Updated: Aug 8, 2022


joshua tree with mountains of calico basin red rock canyon, nevada and blue thin cloud sky in background
Photo Cred: Kitera Dent / Unsplash

I flew down the highway on what could possibly have been classified as the perfect day. True blue skies, dotted cloud puffs, mellow sunshine and wisps of cool air cutting the warmth with moments of refreshment. I’d traveled the curved openness of the 215 many times during my Vegas life. For jobs, friends, lovers and my most favorite thing of all—hikes.

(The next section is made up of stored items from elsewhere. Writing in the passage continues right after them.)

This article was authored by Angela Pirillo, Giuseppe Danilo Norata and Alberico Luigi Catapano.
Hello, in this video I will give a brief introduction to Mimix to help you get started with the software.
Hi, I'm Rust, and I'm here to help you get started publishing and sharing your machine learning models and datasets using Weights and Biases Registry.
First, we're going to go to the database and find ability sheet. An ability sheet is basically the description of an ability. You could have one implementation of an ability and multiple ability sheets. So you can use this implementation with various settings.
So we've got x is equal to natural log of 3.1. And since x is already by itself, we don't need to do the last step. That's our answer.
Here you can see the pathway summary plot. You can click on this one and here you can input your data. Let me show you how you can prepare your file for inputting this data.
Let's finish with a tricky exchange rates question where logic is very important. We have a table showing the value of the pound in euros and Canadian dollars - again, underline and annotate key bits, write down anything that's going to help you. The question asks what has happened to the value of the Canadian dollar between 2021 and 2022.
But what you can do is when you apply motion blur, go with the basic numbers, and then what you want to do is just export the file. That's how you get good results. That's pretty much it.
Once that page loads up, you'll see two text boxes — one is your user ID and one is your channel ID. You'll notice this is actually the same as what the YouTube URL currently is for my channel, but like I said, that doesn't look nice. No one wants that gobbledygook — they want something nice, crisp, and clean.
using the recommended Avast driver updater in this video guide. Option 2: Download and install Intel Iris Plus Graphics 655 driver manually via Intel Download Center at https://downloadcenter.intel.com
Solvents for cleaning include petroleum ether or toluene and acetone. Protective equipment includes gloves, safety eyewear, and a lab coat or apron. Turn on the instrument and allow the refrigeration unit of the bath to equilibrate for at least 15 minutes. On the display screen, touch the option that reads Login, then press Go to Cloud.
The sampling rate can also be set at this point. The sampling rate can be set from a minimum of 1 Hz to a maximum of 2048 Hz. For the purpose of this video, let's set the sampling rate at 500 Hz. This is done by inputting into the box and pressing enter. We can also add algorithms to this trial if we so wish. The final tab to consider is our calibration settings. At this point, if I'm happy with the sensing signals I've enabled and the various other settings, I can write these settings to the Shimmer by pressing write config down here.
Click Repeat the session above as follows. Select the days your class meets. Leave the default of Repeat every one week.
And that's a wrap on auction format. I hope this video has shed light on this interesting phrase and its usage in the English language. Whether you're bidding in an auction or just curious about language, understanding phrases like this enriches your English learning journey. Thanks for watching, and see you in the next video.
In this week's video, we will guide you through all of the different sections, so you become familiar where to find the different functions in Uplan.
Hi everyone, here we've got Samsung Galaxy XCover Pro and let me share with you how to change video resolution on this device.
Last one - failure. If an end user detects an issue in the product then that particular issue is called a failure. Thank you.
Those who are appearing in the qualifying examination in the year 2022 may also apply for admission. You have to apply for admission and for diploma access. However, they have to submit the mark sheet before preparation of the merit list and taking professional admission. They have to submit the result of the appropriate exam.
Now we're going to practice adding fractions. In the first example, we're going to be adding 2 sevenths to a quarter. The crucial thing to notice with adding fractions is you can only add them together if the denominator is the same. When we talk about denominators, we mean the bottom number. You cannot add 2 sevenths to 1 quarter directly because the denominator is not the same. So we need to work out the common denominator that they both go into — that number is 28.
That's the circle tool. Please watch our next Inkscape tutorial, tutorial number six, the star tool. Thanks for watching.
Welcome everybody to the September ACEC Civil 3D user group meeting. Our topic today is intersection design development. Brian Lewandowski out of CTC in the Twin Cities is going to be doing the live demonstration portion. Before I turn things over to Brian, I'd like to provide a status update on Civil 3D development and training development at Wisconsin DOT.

I pulled off onto Charleston, the six-lane road that siphoned into two and wriggled its way into the breathtaking formations of Calico Basin. The snack-sized bowl nestled less than 60 homes, all unique characters. You’d glimpse a touch of every lifestyle type, ranch houses with horses, mansions with full basketball courts and terra cotta adobes that branded southwestern living. I loved peering into the horse stables as I meandered the Camry back toward the trails. I’d pass a little farm with a roadside sign, Fresh Eggs $5/dozen, always intending to take up the offer and never actually doing it.


You could scramble up the stacked sandstones of Calico and cross over the invisible line that marked Red Rock Canyon. When I stopped buying a yearly pass to the National Conservation Area, I discovered the endless trails of Calico to which admission was free. If you hooked a right, past the touristy hot spot of the basin and continued down the road, you’d find a dirt lot surrounded by an expansive sprawl of canyon, spiraling rock labyrinth and gigantic boulders tattooed with ancient artwork and psychedelic lichens. Free climbers frequented the trails, strapped with thick rectangular pads the height of their bodies. The pads made a bed when camping overnight and a cushioned landing when tired arms lost their monkey grip on the stubborn rock.


I’d adventured Calico through many fast and hard seasons of my young life. Many times unsatisfied with my present, worried about my future and desperately seeking solace. Crawling over the gritty rocks and breathing air void of city buildup, I found more of myself in the desert than in anything else I muscled away at, trying to make it. In the openness, I sensed a bigger play for my life than the small toil I’d set to default.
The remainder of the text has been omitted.